> For clean Markdown of any page, append .md to the page URL.
> For a complete documentation index, see https://docs.nvidia.com/nemo-platform/llms.txt.
> For AI client integration (Claude Code, Cursor, etc.), connect to the MCP server at https://docs.nvidia.com/nemo-platform/_mcp/server.

# GPT-OSS Models

<a id="model-catalog-gpt-oss" />

This page provides detailed technical specifications for the OpenAI GPT-OSS model family supported by NeMo Customizer. For supported features and capabilities, refer to [Tested Models](/documentation/customizer-reference/models/model-catalog).

## Before You Start

These models require a HuggingFace token to download. Create a secret with your HuggingFace API key, then create a FileSet and Model Entity referencing the model. See [index](/documentation/customizer-reference/manage-model-entities/overview) for setup instructions.

***

## GPT-OSS 20B

| Property            | Value                                                                                                                                      |
| ------------------- | ------------------------------------------------------------------------------------------------------------------------------------------ |
| Creator             | OpenAI                                                                                                                                     |
| Architecture        | Mixture of Experts (MoE) Transformer                                                                                                       |
| Description         | GPT-OSS 20B provides lower latency for local or specialized use cases, featuring full chain-of-thought reasoning and agentic capabilities. |
| Max I/O Tokens      | Not specified                                                                                                                              |
| Parameters          | 21B parameters (3.6B active parameters)                                                                                                    |
| Training Data       | Trained on harmony response format                                                                                                         |
| Memory Requirements | Runs within 32GB of memory with BFloat16 quantization                                                                                      |
| Default Name        | openai/gpt-oss-20b                                                                                                                         |
| HuggingFace         | [openai/gpt-oss-20b](https://huggingface.co/openai/gpt-oss-20b)                                                                            |

### Training Options (20B)

* **LoRA**: 4x 80GB GPU, tensor parallel size 1, expert parallel size 4, pipeline parallel size 1
* **Full SFT**: 8x 80GB GPU, tensor parallel size 1, expert parallel size 8, pipeline parallel size 1
* Sequence Packing: Not supported

Default training max sequence length: 4096.
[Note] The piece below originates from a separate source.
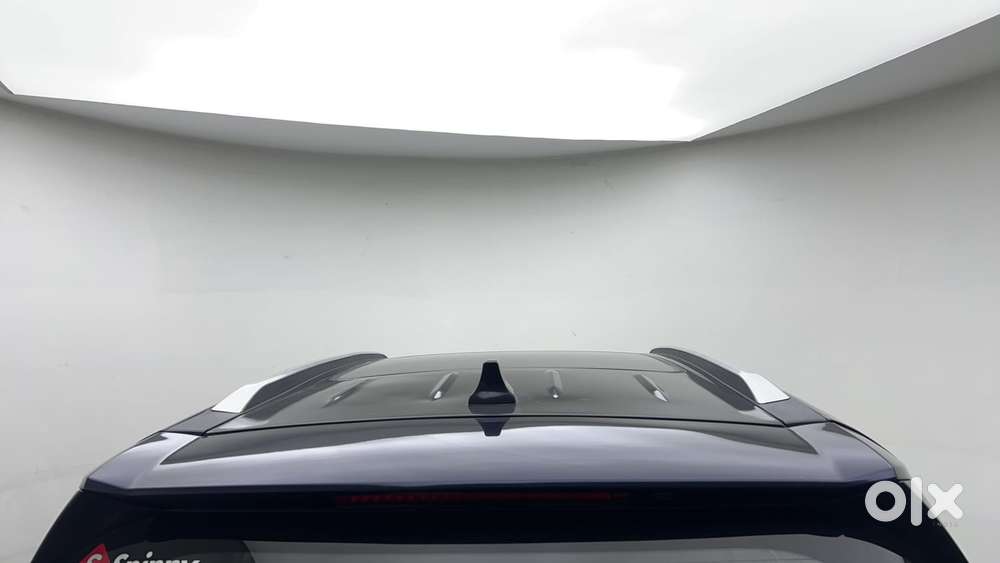 Mahindra Xuv700 2.0 Ax 7 Petrol At Luxury Pack Str, 2022, Petrol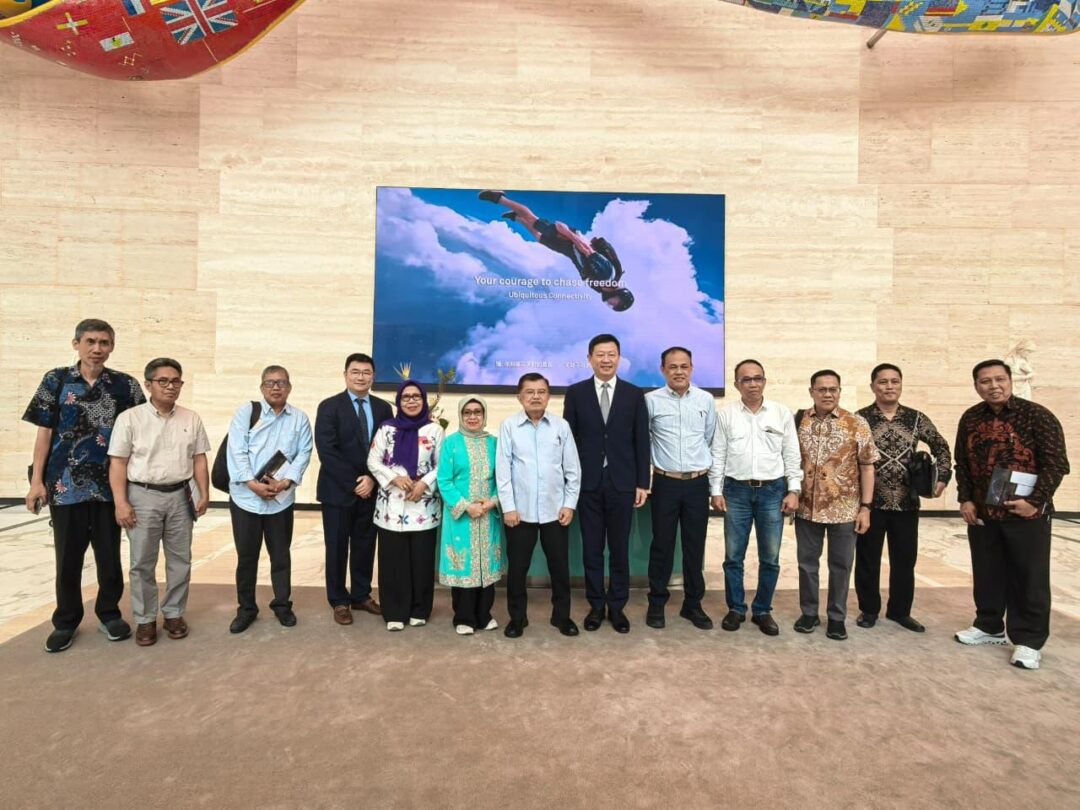 Wakil Presiden Ke 10 dan 12 Jusuf Kalla bersama Mr Colin Hu Vice President Global Public Sector BU Huawei dan Beberapa Wakil Rektor dan Dekan Perguruan Tinggi di Makassar berfoto bersama di Huawei Headquarter Shenzen,senin(21/09/2026).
### Deployment Configuration

* **LoRA**:
* NIM Image: `nvcr.io/nim/openai/gpt-oss-20b:1.6.1-variant`
* GPU Count: 2x 80GB
* Additional Environment Variables:
* `NIM_DISABLE_MODEL_DOWNLOAD`: `1`
* `NIM_WORKSPACE`: `/model-store`
* **Full SFT**:
* NIM Image: `nvcr.io/nim/nvidia/llm-nim:1.15.5`
* GPU Count: 2x 80GB
* Additional Environment Variables:
* `NIM_MODEL_PROFILE`: `vllm`

## Usage Recommendations

### Reasoning Levels

Both GPT-OSS models support configurable reasoning levels that you can set in system prompts:

* **Low**: Fast responses for general dialogue
* **Medium**: Balanced speed and detail
* **High**: Deep and detailed analysis

Example: Set reasoning level using "Reasoning: high" in the system prompt.

### MoE Model Parallelization

GPT-OSS models use a Mixture of Experts (MoE) architecture and benefit from specialized parallelization across expert layers for optimal performance.

**MoE Parallelism Constraints**

MoE models only support expert parallelism for distributing experts across GPUs. When `expert_parallel_size > 1`, `tensor_parallel_size` must be set to 1. Additionally, `expert_parallel_size` must evenly divide the number of GPUs. These constraints apply to training parallelism only and NIM deployment may use different GPU counts optimized for inference.

### Model Selection Guidelines

* **GPT-OSS 20B**: Ideal for lower latency requirements, local deployment, specialized use cases, and consumer hardware (with Ollama support)
* **GPT-OSS 120B**: Best for production environments, complex reasoning tasks, and scenarios requiring full capability within single-GPU constraints

### Important Usage Note

Both models use the harmony response format and require this format for proper functionality.

Sequence packing is not supported for GPT-OSS models in NeMo Customizer.